The problem
For the records below, report how many lines include the word "wedges". Only the number should appear.

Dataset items
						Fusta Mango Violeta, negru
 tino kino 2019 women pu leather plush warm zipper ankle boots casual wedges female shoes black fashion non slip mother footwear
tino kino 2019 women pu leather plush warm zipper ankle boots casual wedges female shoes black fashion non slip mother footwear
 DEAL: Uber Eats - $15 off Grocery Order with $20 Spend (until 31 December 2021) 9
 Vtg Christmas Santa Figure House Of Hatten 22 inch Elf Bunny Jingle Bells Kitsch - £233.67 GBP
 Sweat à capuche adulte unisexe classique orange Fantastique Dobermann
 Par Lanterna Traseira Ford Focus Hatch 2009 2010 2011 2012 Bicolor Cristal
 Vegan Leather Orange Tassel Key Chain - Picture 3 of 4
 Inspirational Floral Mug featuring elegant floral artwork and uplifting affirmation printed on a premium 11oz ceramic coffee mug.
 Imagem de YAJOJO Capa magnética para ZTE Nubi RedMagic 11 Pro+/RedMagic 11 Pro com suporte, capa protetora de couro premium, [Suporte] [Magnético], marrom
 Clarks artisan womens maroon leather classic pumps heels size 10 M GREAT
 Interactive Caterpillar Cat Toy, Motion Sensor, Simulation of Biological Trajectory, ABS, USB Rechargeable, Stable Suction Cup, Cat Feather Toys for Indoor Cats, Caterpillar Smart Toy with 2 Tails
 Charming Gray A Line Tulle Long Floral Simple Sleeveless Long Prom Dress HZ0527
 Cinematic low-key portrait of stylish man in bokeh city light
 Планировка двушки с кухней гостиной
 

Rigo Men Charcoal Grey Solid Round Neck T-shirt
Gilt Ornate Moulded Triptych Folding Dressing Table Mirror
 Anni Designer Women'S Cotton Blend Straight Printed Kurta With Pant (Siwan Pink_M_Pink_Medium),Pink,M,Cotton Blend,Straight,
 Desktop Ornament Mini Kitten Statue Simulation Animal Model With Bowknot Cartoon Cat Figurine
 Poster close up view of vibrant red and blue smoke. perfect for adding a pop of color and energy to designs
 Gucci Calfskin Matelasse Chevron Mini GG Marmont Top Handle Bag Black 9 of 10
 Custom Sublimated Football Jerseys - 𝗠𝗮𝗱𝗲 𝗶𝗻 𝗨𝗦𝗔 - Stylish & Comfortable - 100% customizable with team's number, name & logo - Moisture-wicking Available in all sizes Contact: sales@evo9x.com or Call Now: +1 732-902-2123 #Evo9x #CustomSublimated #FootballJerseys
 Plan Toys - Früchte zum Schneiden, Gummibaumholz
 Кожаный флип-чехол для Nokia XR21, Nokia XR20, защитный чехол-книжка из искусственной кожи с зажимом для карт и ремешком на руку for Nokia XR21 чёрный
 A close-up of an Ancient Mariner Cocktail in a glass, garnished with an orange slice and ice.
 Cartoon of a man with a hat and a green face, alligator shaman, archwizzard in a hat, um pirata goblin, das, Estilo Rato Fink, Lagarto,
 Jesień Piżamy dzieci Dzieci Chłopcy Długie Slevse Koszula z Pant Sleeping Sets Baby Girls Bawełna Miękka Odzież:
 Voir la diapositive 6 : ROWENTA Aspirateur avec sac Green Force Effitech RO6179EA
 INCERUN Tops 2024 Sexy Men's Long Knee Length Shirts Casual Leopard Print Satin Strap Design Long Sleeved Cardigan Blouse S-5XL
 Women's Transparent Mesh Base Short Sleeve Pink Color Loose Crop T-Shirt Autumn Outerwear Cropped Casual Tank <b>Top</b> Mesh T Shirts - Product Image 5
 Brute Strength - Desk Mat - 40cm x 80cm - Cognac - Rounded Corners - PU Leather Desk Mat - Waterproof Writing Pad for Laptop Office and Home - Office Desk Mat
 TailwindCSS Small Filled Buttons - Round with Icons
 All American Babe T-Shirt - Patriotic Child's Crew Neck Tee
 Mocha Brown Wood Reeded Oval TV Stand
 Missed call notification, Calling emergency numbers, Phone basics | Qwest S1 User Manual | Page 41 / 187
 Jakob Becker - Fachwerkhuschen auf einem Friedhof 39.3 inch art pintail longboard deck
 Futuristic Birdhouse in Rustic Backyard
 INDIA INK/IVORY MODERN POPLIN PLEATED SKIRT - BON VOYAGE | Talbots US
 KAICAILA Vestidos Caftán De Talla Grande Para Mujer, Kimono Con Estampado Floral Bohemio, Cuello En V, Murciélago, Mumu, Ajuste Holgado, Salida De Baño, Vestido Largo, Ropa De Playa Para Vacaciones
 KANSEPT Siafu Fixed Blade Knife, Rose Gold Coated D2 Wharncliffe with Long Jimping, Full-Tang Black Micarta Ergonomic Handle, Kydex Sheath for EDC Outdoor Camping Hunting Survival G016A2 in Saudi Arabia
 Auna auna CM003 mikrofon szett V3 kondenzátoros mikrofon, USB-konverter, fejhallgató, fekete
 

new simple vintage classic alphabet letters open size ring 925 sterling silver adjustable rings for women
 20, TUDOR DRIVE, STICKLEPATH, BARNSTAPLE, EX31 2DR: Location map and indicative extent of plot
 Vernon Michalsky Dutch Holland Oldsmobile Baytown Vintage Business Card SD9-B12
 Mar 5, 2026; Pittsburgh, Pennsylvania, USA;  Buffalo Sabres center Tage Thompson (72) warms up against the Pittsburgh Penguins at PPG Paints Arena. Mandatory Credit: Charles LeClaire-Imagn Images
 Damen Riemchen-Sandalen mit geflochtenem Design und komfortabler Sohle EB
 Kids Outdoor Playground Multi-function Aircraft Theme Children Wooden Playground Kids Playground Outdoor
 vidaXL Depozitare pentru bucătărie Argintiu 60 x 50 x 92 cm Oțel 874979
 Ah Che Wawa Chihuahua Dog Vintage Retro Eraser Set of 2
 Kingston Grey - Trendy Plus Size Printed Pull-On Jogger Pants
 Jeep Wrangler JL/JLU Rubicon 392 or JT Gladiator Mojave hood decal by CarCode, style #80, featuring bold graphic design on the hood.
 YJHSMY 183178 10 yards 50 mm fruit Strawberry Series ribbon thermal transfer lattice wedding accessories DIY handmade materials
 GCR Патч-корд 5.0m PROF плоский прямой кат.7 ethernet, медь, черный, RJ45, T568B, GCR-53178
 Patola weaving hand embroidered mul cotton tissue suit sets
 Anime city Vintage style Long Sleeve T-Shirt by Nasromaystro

Exercise result
2